Today’s song is “Cross Road” by Lungfish from their 2000 album “Necrophone”.
Lungfish formed in 1988 and their last real album came out in 2005. They’ve never technically broken up, but I wouldn’t expect new material or performances anytime soon. During their run of 11 albums they worked on perfecting a repetitive, sometimes droning sound with Daniel Higg’s signature vocals and poesy laid over top. Some people will tell you that if you’ve heard one Lungfish song, you’ve heard them all. They are an acquired taste for many. But I think there is a real value in listening to Lungfish. The songs are in many ways meant to be meditative – focus on the riff, feel it, listen to Higg’s words.
Taken as a whole, Higg’s words are often difficult to decipher. He tends to be equal parts poet and shaman, on one hand sharing truths and speaking of life in the ways of the poet, but at other times speaking in a language that truly only he (and the force that provides, the Lungfish) can understand.
“Cross Road” is what seemed like a generally uncommon item for Lungfish, an instrumental, but as I look over their catalog, I’m noticing more and more of them. “Necrophones” contains three instrumentals strewn throughout the tracks. “Cross Road” is a 2 minute interlude in the middle of what would have been the B side of the record.

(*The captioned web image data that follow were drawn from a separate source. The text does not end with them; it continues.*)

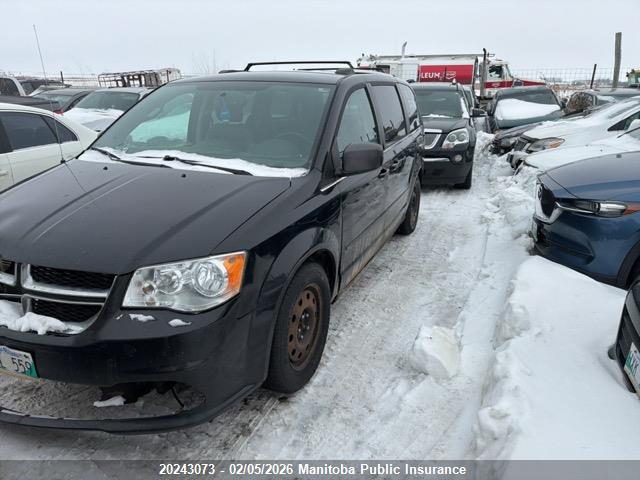 2C4RDGBG4HR727867 Dodge Grand Caravan Se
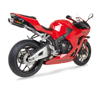 Carbon Fiber MGP Growler Slip On Exhaust - For 07-25 Honda CBR600RR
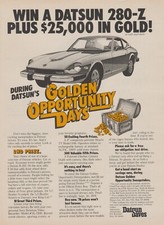 1976 datsun 280 for sale  Irons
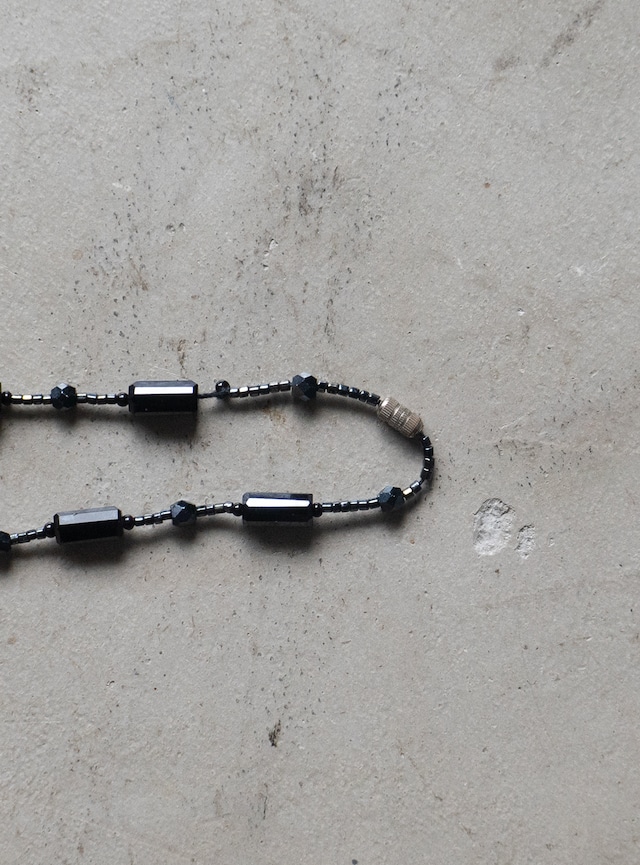 unknown used Glass beads necklace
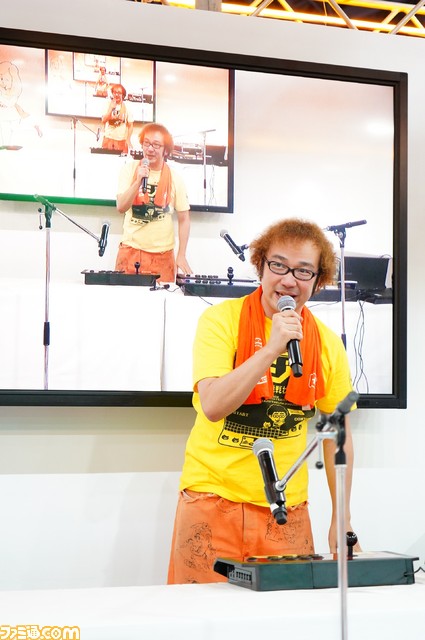 “プラチナゲームズ 神谷英樹さんショー”スペシャルステージリポート、ファミコン芸人フジタさんとのゲーム対決も【TGS2018】_06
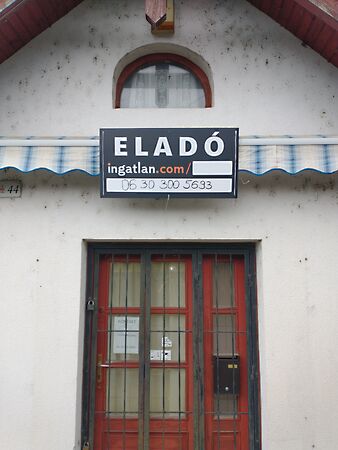 Eladó nyaraló Nemesgulács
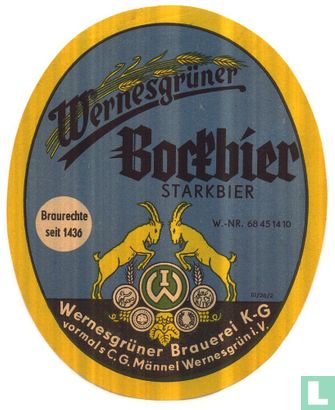 Wernesgruner Bockbier - Image 1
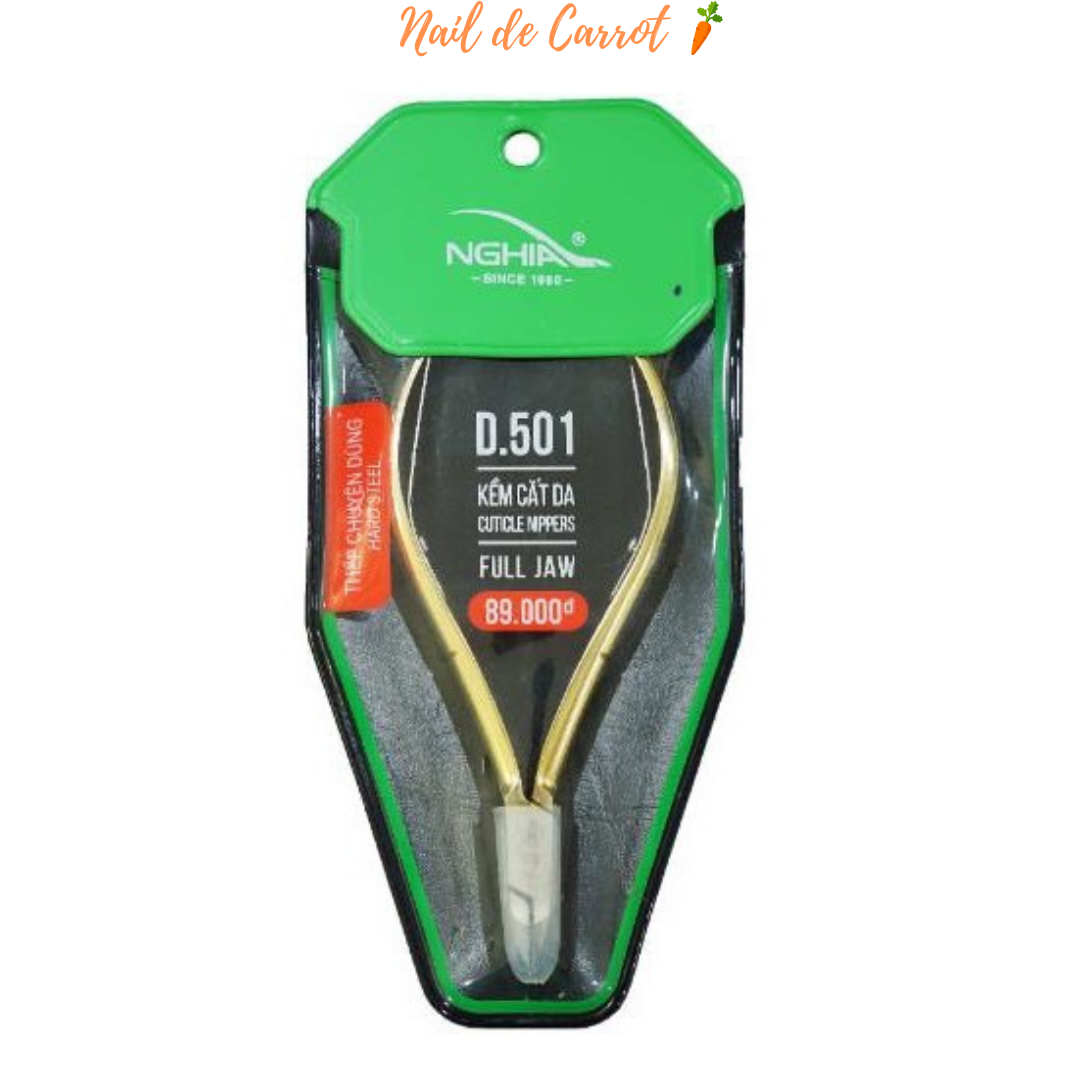 Kìm nghĩa d501, kềm cắt da d.501 chuyên dụng làm móng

Minimalist even by Lungfish standards, it is a light breeze appearing after the upbeat “Sex Wars” and before the final instrumental of the album, “Eternal Nightfall”.
Trying to decide what Lungfish album is your favorite can be a difficult task. Each has their merits. “Necrophones” ranks high-middle among them for me. Great cover artwork, love the photo of the band members frolicking on the insert. “The Words” and “Sex Wars” are probably my favorite tracks on the album.
Until the repetitions cease,
the repetitions must increase.
Only caught these guys live once at the Brew Haus in the Southside. Was a great show. Have since seen Daniel Higgs do his solo thing live a few times which is a rare and beautiful thing in its own right. I haven’t been a big fan of his solo recordings, but his live performances are worth the price of admission.
If you are looking to check out Lungfish, I will currently say start with one of these three albums:
1) Talking Songs For Walking – The first album (and if you get the CD version it comes with their first 12″ ep too), this has a very different feel from their other records though it certainly features the early seeds of what would become that signature Lungfish sound.
2) Artificial Horizon – 1998 album. Highlight songs include “Oppress Yourself”, “Love Will Ruin Your Mind”, and “Shed the World”.
3) Love is Love – 2003 album. This is the one that converted Emma. Highlight tracks are “Love is Love”, “Fearfully and Wonderfully”, and “Hear the Children Sing”.
Or just grab whatever you can find. All of them are good, even their last real album “Feral Hymns”, which I think is their weakest release, is pretty damn good.